14 thoughts on “How To Create A Simple No-Till Garden With Little Weeding – Forever!

  • April 17, 2018 at 5:19 pm

    Hi Penny We do get quite a bit of wind at our garden. We find that if we put it down in thick layers with the straw still in a crisscross pattern that it helps tremendously. We have even watered it down if there was no rain in the forecast before to help it stay in place.

  • April 17, 2018 at 12:43 pm

    You must not live where there is a lot of wind, because where I live the straw would all blow away.

  • April 17, 2018 at 9:24 am

    Hi Sheri Once the plants are done for the season, we pull them out of the ground and cover the planted area with straw until we are ready to plant the cover crops. We always keep the growing rows covered so that weed seeds can’t enter the area. As for the book, it is also available at Barnes and Noble, and Indiebound if you have access to those websites. Hope this helps!

  • April 15, 2018 at 10:56 am

    On e you are done your garden and before you plant a cover crop what do you do with the straw around your plants. Also, I am Canadian, yes cover crops work well in Ontario, but where do I purchase your books amazon.ca doesn’t have them my first year doing it this way.

  • April 12, 2018 at 11:30 am

    Hi Joey Watermelon and cantaloupe vines spread wildly during the growing season. We actually planted our watermelon in a different location on our property as a trial run one year (up close to where the house now sits). We have not grown them in our set up Raised Row Garden. You can plant them about 3 feet apart, however, the vines will need to be trained to stay out of the walkways. Hope this helps!

  • April 10, 2018 at 4:23 pm

    Hi Jim & Mary- have seen you speak several times and have both your books. Cannot wait to get my garden started this spring. I have noticed you have a few pics of watermelon on your site from several years ago, but fruit, specifically watermelon and cantaloupe, aren’t mentioned in your raised row book. I’m using your directions to plant and would love to hear how closely you’d plant those as I plan to include them in my garden. Thanks so much!

  • April 7, 2018 at 8:50 am

    Hi Kris Yes, we cover the rye seed with a thin layer of the straw that we use in our growing rows. And thank you for following our website!

  • April 7, 2018 at 8:49 am

    Hi Kathie We don’t have too many pest issues, most likely due to crop rotation and soil revitalization techniques that we use. Broken egg shells around the base of our plants may also help keep slugs away.

  • April 7, 2018 at 8:46 am

    Hi Bob We water directly at our plant’s base.

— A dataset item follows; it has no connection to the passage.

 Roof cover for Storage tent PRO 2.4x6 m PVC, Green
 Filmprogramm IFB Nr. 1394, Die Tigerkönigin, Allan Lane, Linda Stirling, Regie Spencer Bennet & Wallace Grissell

You can do this with irrigation tubes or we actually do it with milk gallon jugs and water each plant directly.

  • April 7, 2018 at 8:44 am

    Hi Diane You would have to plant the rye grass earlier so that it starts to grow before the first freeze.

  • April 6, 2018 at 6:01 am

    After planting the rye seeds in the Fall, do you cove the seeds with the mulch you “pulled back”? Love your website and farm!

  • April 5, 2018 at 9:33 am

    The only problem with this method I have found is the sow bugs and snails / slugs that love this environment. How do you deal with that?

  • April 5, 2018 at 9:21 am

    Ok this is all good and well but how do you water the plants, sprinkling . This would wast a lot of water, and you can’t flood it.

  • April 5, 2018 at 7:58 am

    Yes, this is the way to go! Do you know if the rye grass grow in Quebec, Canada?